API

Kernel language

KernelAbstractions.@kernel — Macro

@kernel function f(args) end

Takes a function definition and generates a Kernel constructor from it. The enclosed function is allowed to contain kernel language constructs. In order to call it the kernel has first to be specialized on the backend and then invoked on the arguments.

Kernel language

@Const
@index
@localmem
@private
@uniform
@synchronize
@print

Example:

@kernel function vecadd(A, @Const(B)) I = @index(Global) @inbounds A[I] += B[I] end

A = ones(1024) B = rand(1024) event = vecadd(CPU(), 64)(A, B, ndrange=size(A)) wait(event)

KernelAbstractions.@Const — Macro

@Const(A)

@Const is an argument annotiation that asserts that the memory reference by A is both not written to as part of the kernel and that it does not alias any other memory in the kernel.

Danger

Violating those constraints will lead to arbitrary behaviour.

as an example given a kernel signature kernel(A, @Const(B)), you are not allowed to call the kernel with kernel(A, A) or kernel(A, view(A, :)).

KernelAbstractions.@index — Macro

@index

The @index macro can be used to give you the index of a workitem within a kernel function. It supports both the production of a linear index or a cartesian index. A cartesian index is a general N-dimensional index that is derived from the iteration space.

Index granularity

Global: Used to access global memory.
Group: The index of the workgroup.
Local: The within workgroup index.

Index kind

Linear: Produces an Int64 that can be used to linearly index into memory.
Cartesian: Produces a CartesianIndex{N} that can be used to index into memory.
NTuple: Produces a NTuple{N} that can be used to index into memory.

If the index kind is not provided it defaults to Linear, this is suspect to change.

Examples

@index(Global, Linear)
@index(Global, Cartesian)
@index(Local, Cartesian)
@index(Group, Linear)
@index(Local, NTuple)
@index(Global)

KernelAbstractions.@localmem — Macro

@localmem T dims

Declare storage that is local to a workgroup.

KernelAbstractions.@private — Macro

@private T dims

Declare storage that is local to each item in the workgroup. This can be safely used across @synchronize statements. On a CPU, this will allocate additional implicit dimensions to ensure correct localization.

For storage that only persists between @synchronize statements, an MArray can be used instead.

See also @uniform.

KernelAbstractions.@synchronize — Macro

@synchronize()

After a @synchronize statement all read and writes to global and local memory from each thread in the workgroup are visible in from all other threads in the workgroup.

@synchronize(cond)

After a @synchronize statement all read and writes to global and local memory from each thread in the workgroup are visible in from all other threads in the workgroup. cond is not allowed to have any visible sideffects.

Platform differences

GPU: This synchronization will only occur if the cond evaluates.
CPU: This synchronization will always occur.
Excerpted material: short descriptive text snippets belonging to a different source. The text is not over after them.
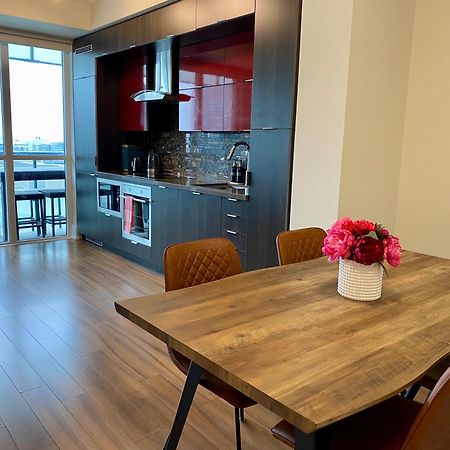 Central Toronto Suite - Free Parking, City Views, Near Cn Tower Buitenkant foto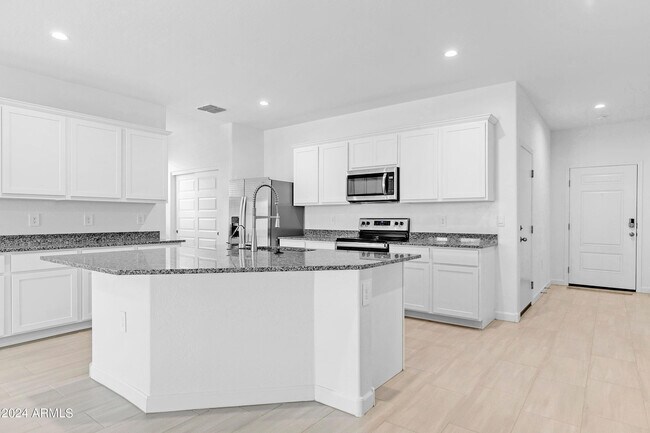 Foto del edificio - 2856 W Seaver Ave
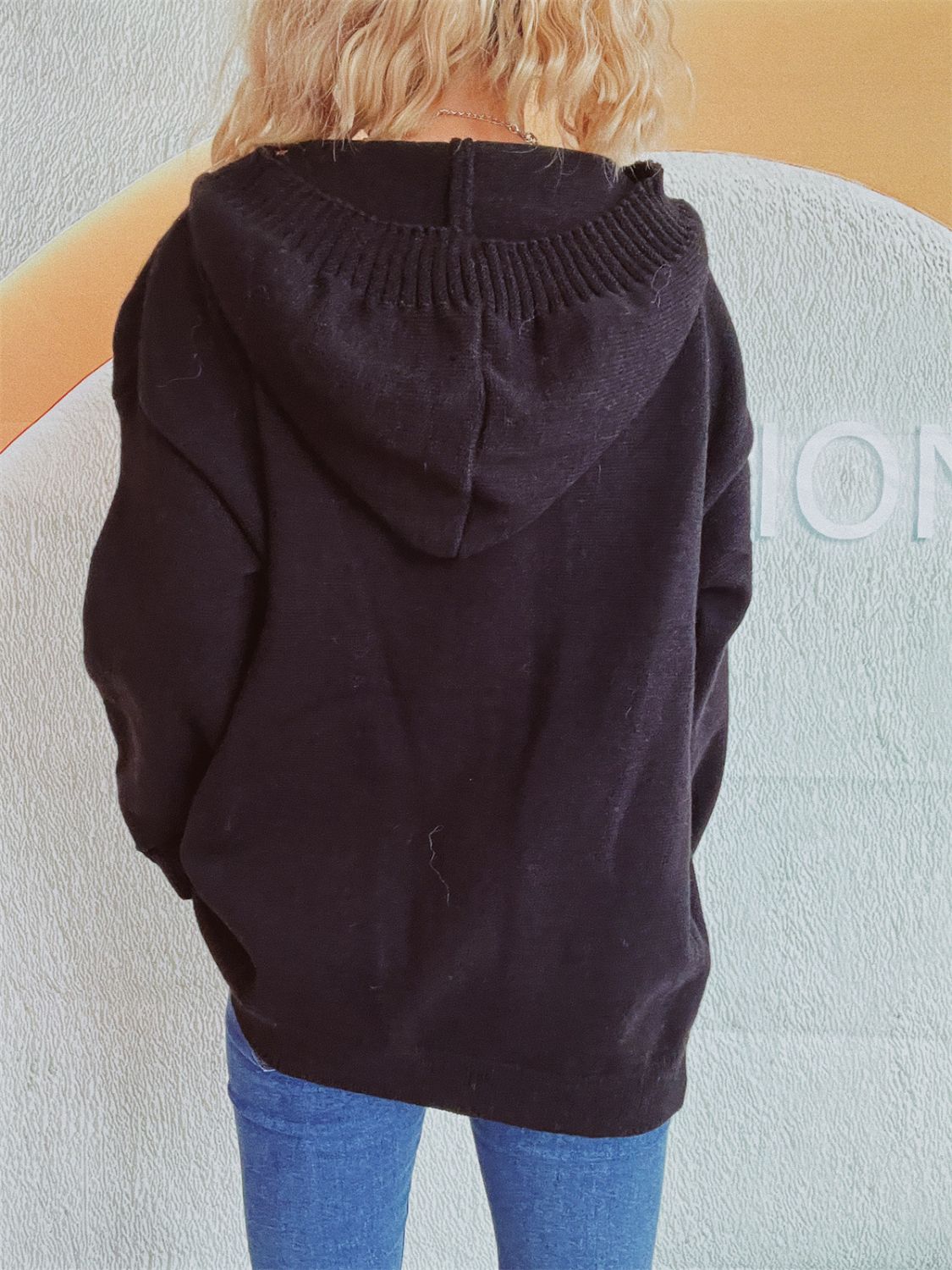 Beatrice® | Long-sleeved cardigan with hood and dropped shoulders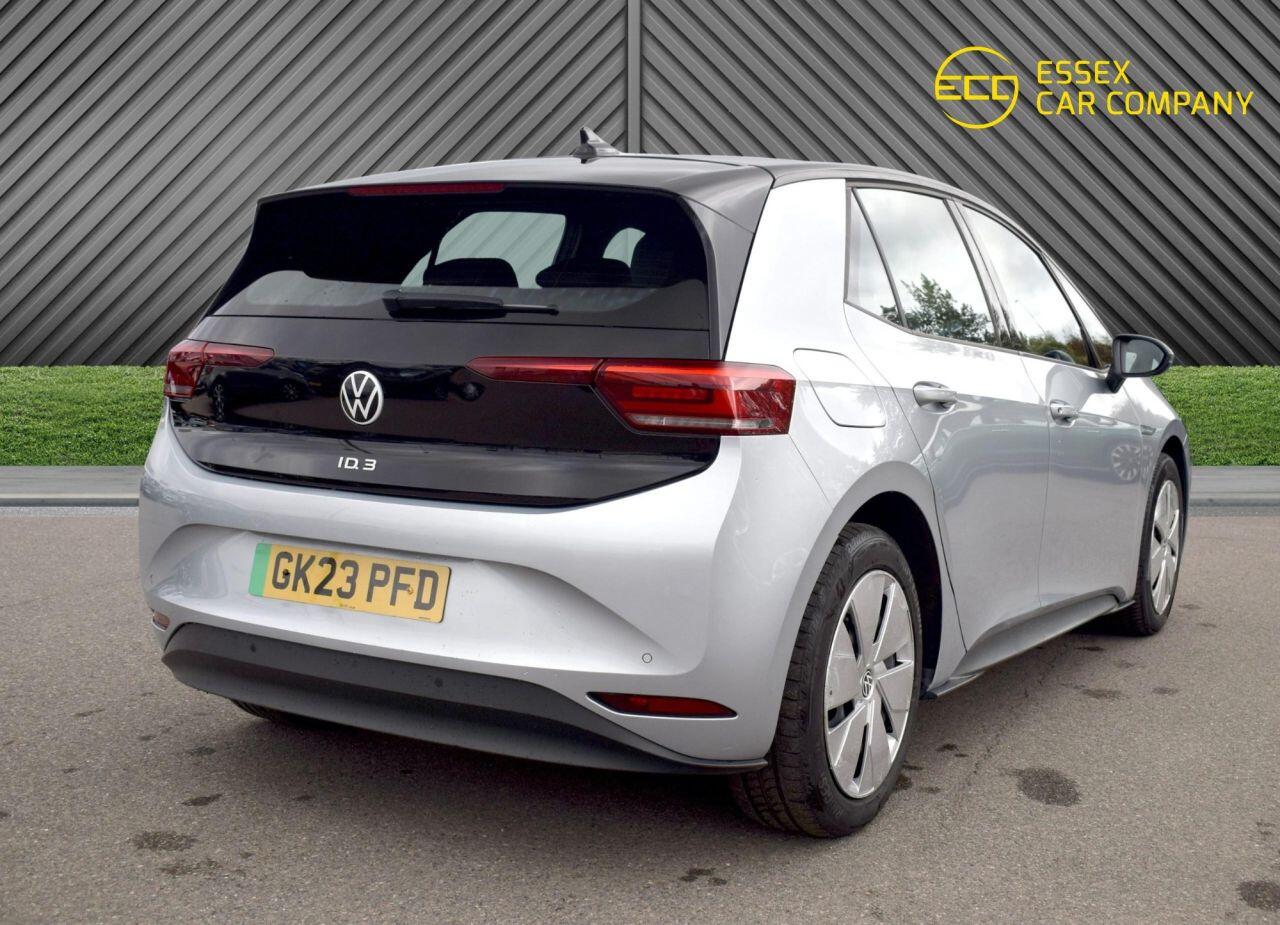 Volkswagen Id.3 view 8
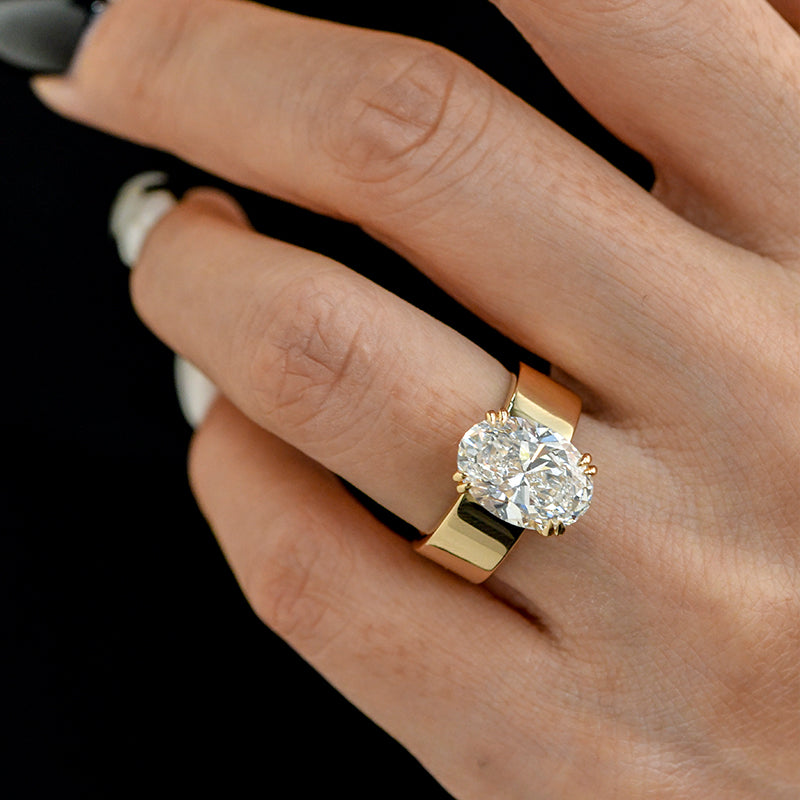 Lara – Enkel ring med rund sten i guldfinish.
KernelAbstractions.groupsize — Function

groupsize()

Query the workgroupsize on the device. This function returns a tuple corresponding to kernel configuration. In order to get the total size you can use prod(groupsize()).

Host interface

Internal

KernelAbstractions.Kernel — Type

Kernel{Device, WorkgroupSize, NDRange, Func}

Kernel closure struct that is used to represent the device kernel on the host. WorkgroupSize is the number of workitems in a workgroup.

Missing docstring.

Missing docstring for KernelAbstractions.partition. Check Documenter's build log for details.